Do not copy the pictures. Write out the lines from the start of the entries through the line containing "Manos sosteniendo cartas".

▽

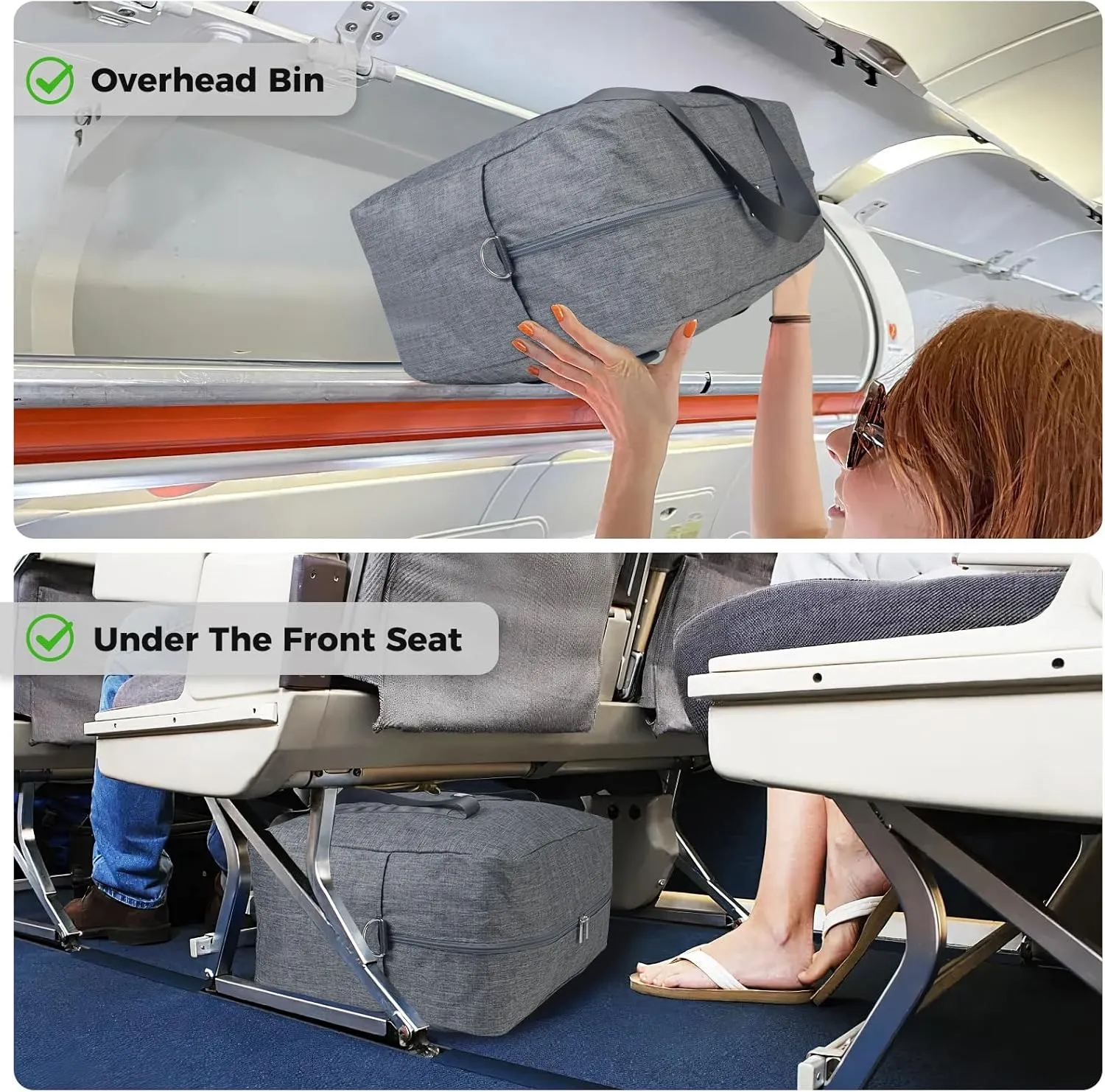 For Frontier Airlines Personal Item Bag 18x14x8 Underseat Travel Duffel Bag Carry on Luggage for Women and Men 30L (With Shoulder Strap)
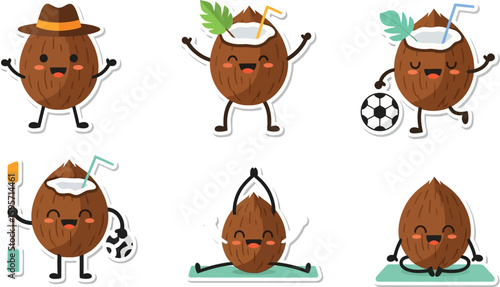 Cute cartoon coconut characters in various poses and activities, including playing sports, drinking, and yoga.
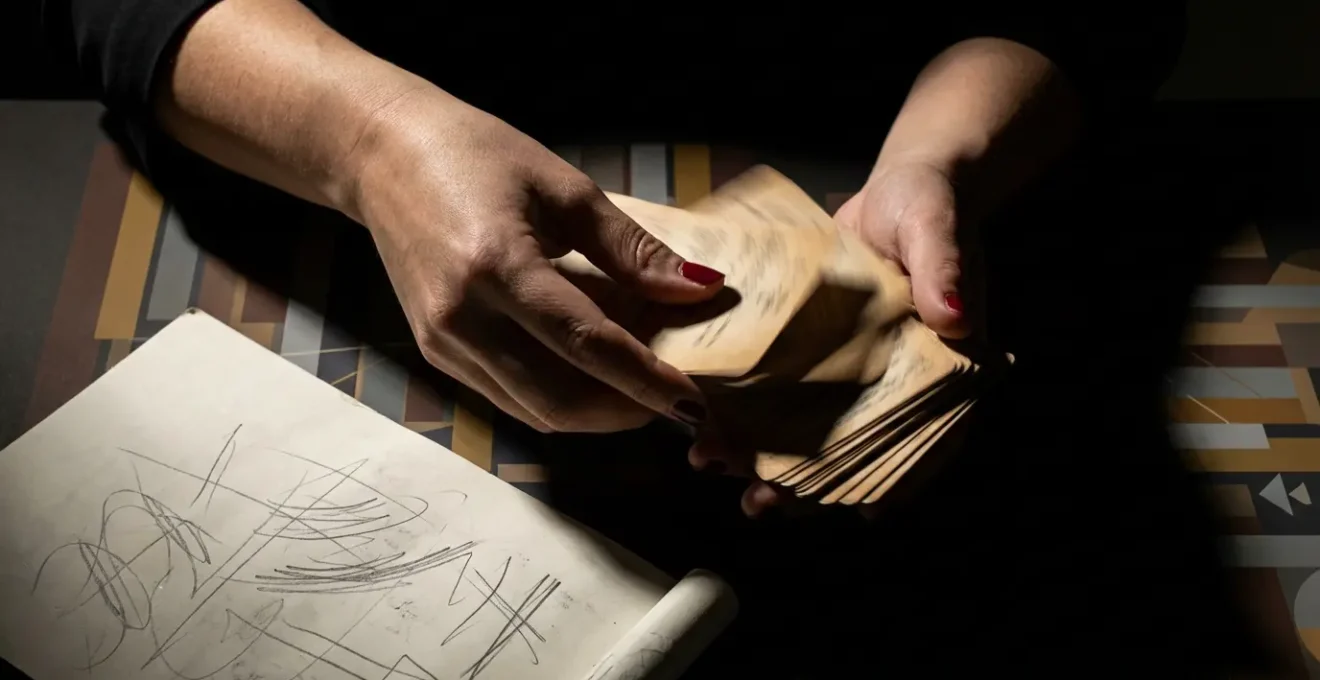 Manos sosteniendo cartas de tarot borrosas con enfoque en expresión facial analítica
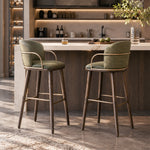 Load image into Gallery viewer, Modern Upholstered Bar Stool with Curved Backrest Gold Arm Detail Wooden Legs Counter Chair 1 Piece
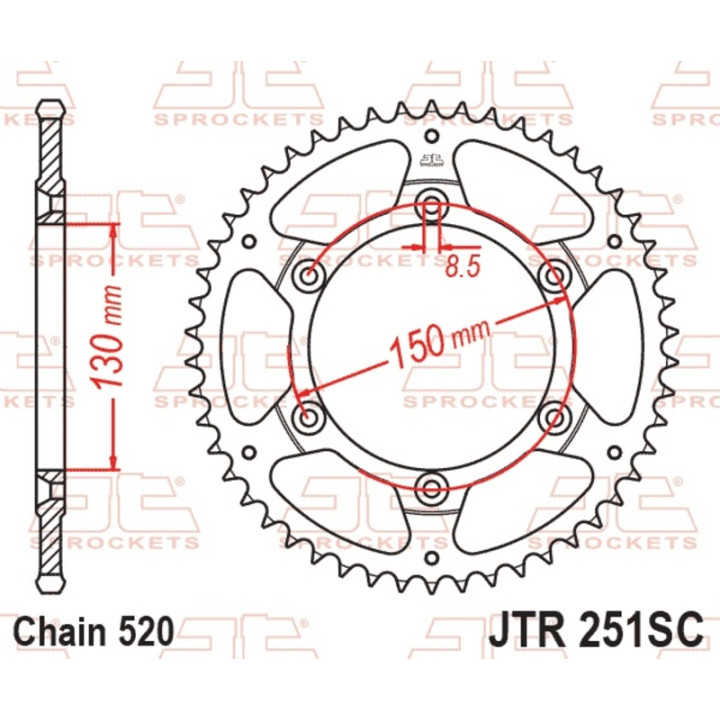 Kit chaîne EK/JT 520SRX2 13/50 - couronne anti-boue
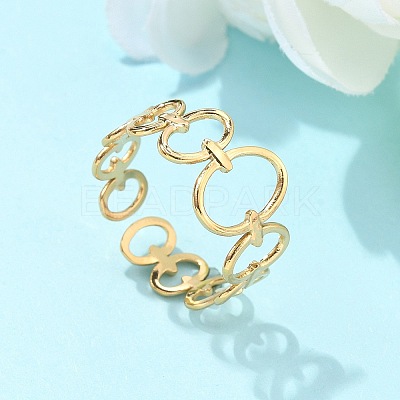 Ion Plating(IP) Adjustable 304 Stainless Steel Finger Rings X-RJEW-L102-05G-1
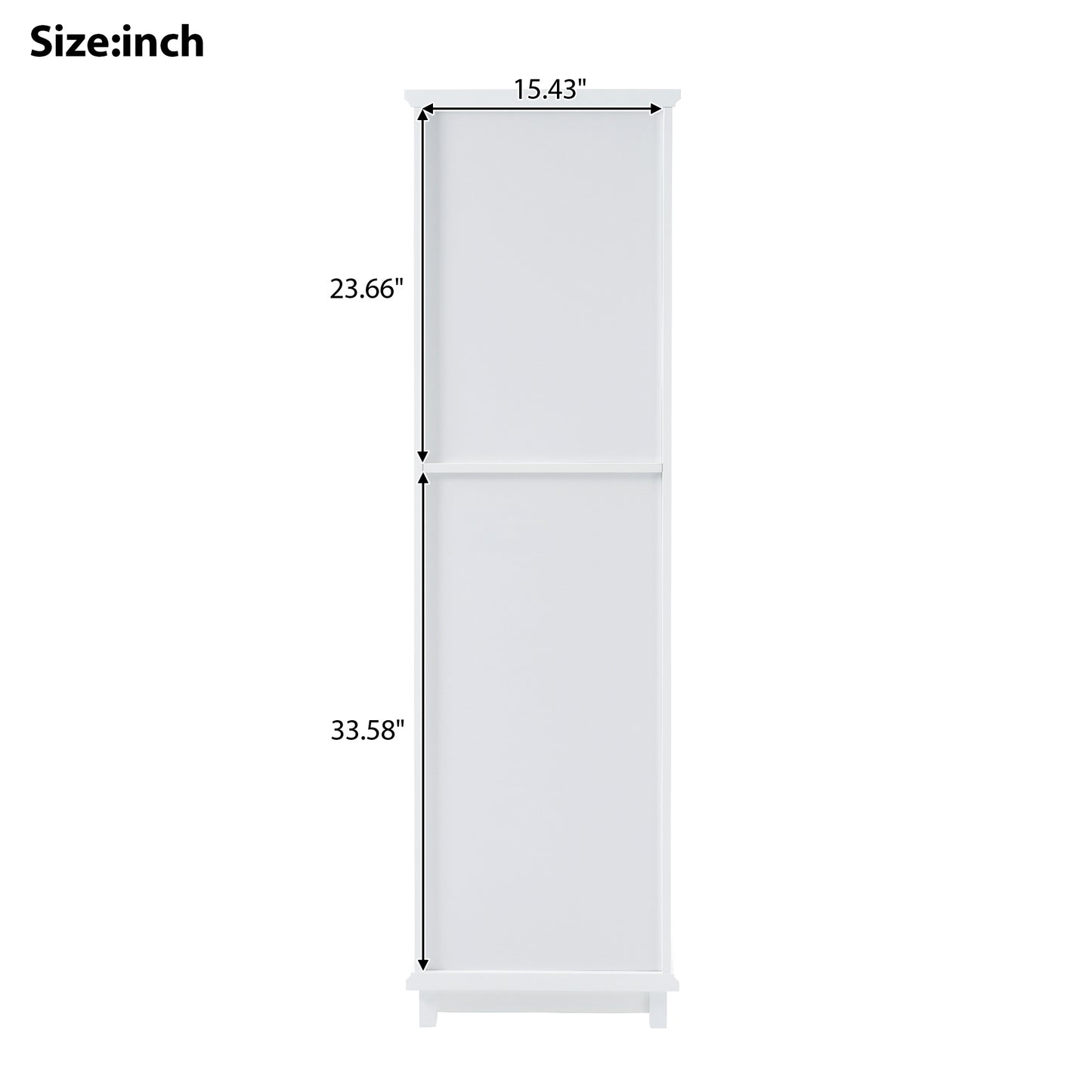 Elegant 63" Tall White Bathroom Storage Cabinet with Glass Doors, Two Drawers, Adjustable Shelves, and Anti-Tipping Design - Perfect for Organizing and Displaying Essentials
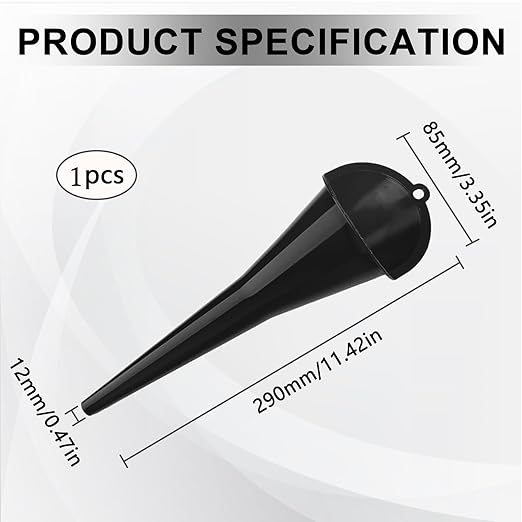 Long-Neck Oil Funnel for Automotive – Multi-Function Plastic Funnel for Oil, Gas & Lubricants – Universal Car Accessory (Black (1-Pack))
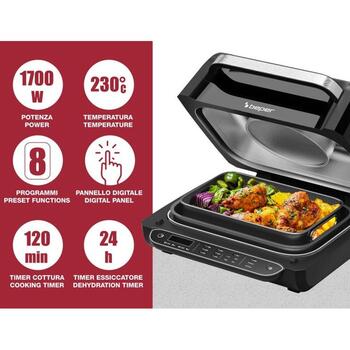 Beper Gaisa fritieris P101FRI080, 1700W, 230°C, 120min taimeris, automātiskā izslēgšanās, nelīpošais pārklājums (P101FRI080)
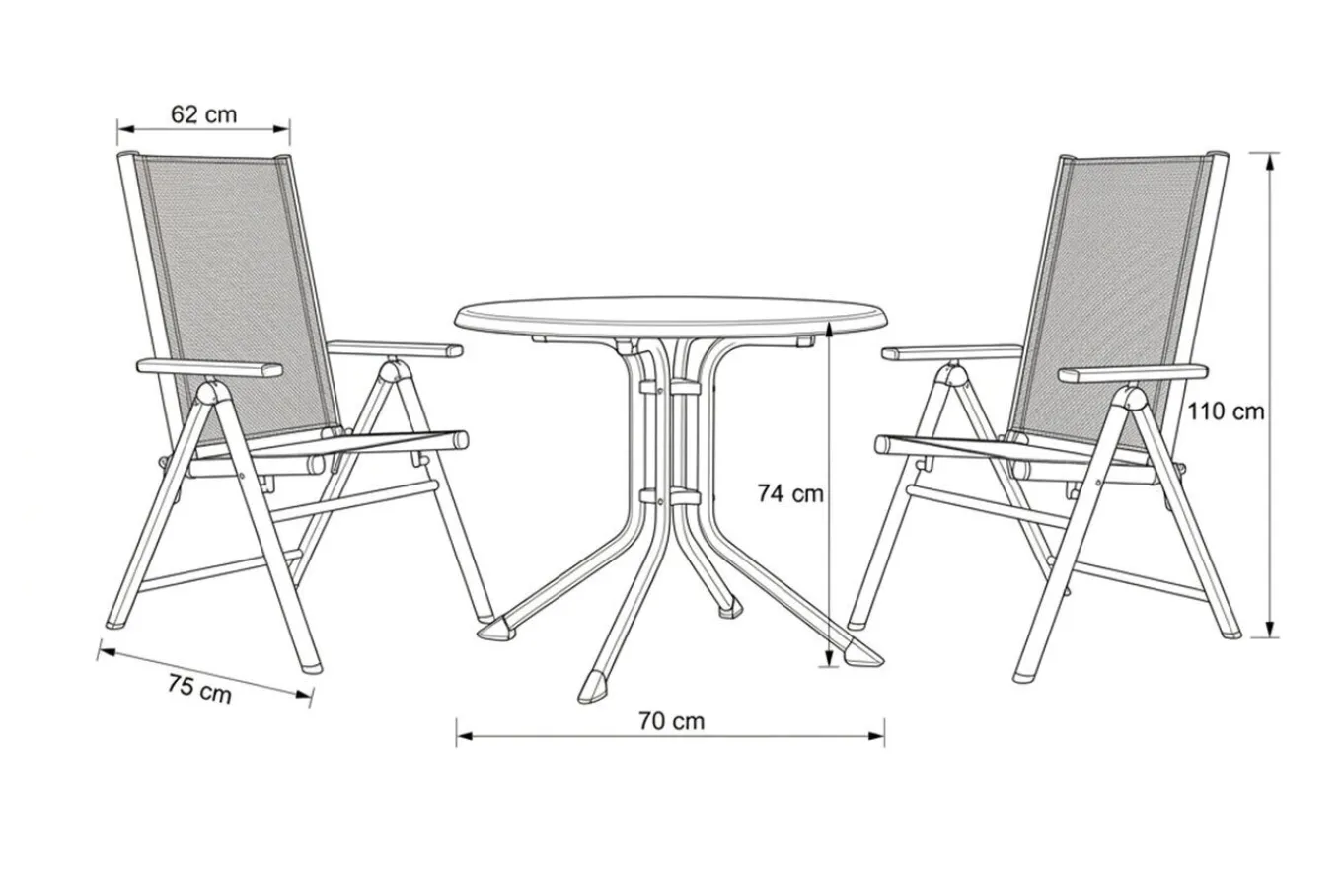 New BasicPlus Pro Balkon-Set, anthrazit, Aluminium/KETTALUX/Textilene, Tisch Ø 70 cm, 2 Klappstühle, schmutzabweisend Balkonmöbel-Set
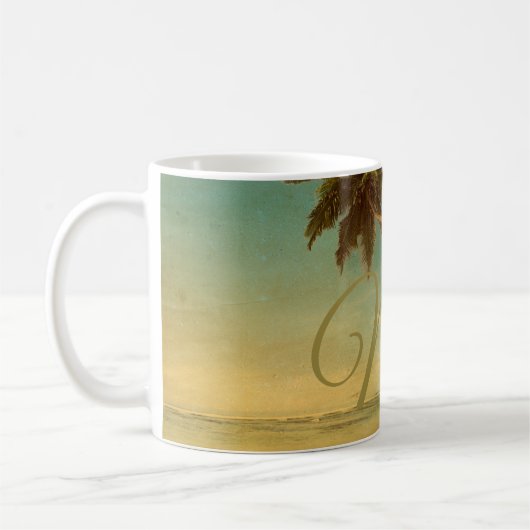 Tropical Beach Palm Tree Leopard Monogram Kaffeetasse (Links)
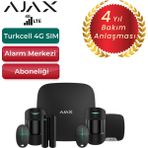 Ajax 4g Sim Kartlı Alarm Seti Dahili Siren Dahil 3 Dedektörlü Sistem – 1 Adet Manyetik ve 2 Adet Hareket Dedektörü – Siyah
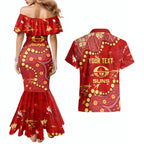 Personalized Gold Coast Suns Couples Matching Mermaid Dress and Hawaiian Shirt Aboriginal Pattern with Graffiti Style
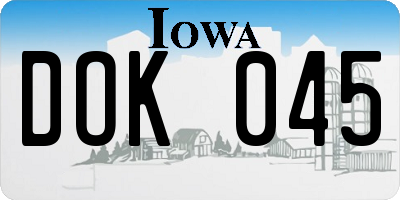 IA license plate DOK045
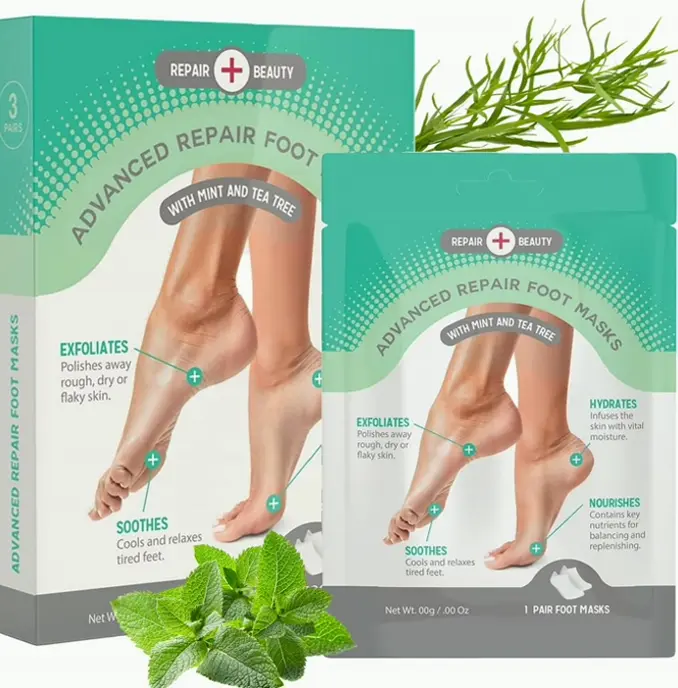 Peppermint and Tea Feet Masks - Hydrates Rough Heel, Soothes Tired Toes - Triple Pack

△

▶ _Exercise output_:
 For Frontier Airlines Personal Item Bag 18x14x8 Underseat Travel Duffel Bag Carry on Luggage for Women and Men 30L (With Shoulder Strap)
 Cute cartoon coconut characters in various poses and activities, including playing sports, drinking, and yoga.
 Manos sosteniendo cartas de tarot borrosas con enfoque en expresión facial analítica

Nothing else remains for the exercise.